Enchaînant les succès au cours de l’année 2010, Pierre Mainville ne pouvait demander mieux. Sa fierté : avoir partagé sa troisième place à l’épée aux Championnats du monde avec les membres de sa famille. Grâce à sa médaille, il est devenu le premier Canadien médaillé aux Mondiaux d’escrime en fauteuil roulant.
C’est un exploit en soi, mais le Canada n’a pas une grande histoire en fauteuil roulant, donc je suis content d’être le premier, mais d’autant plus content de savoir que je ne serai pas le dernier. En fait, je l’espère! avoue-t-il en riant. Par contre, ce qui est très important c’est que j’ai pu vivre tous les grands moments de ma carrière en compagnie de ma femme et de ma petite fille.

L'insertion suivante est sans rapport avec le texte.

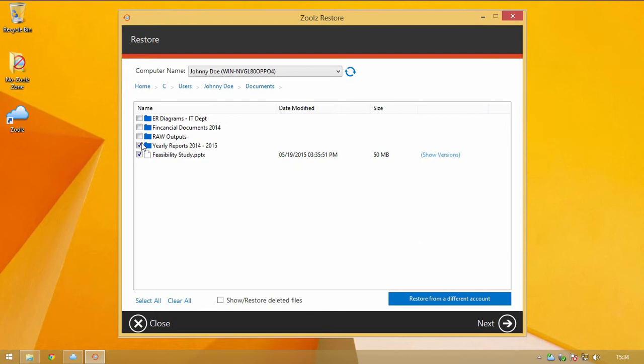You can also show files that have been deleted off of their source computer but are still stored on ZOOLS with the Show and Restore Deleted Files checkbox.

Après 9 ans de carrière, Mainville est certainement devenu un maître dans son sport. Bien qu’il est seul dans son fauteuil roulant en compétition, l’athlète de Saint-Colomban ne cache aucunement l’importance du travail d’équipe lors de sa préparation. Jamais je ne pourrais être au niveau que je suis sans mes maîtres d’armes. Ils sont certainement la raison de mes succès. Ils m’enseignent pour aller me battre, aller à la guerre et sans leurs conseils, je ne pourrais pas être le même athlète. Je passe tellement de temps en entraînement qu’ils sont pratiquement des membres de la famille.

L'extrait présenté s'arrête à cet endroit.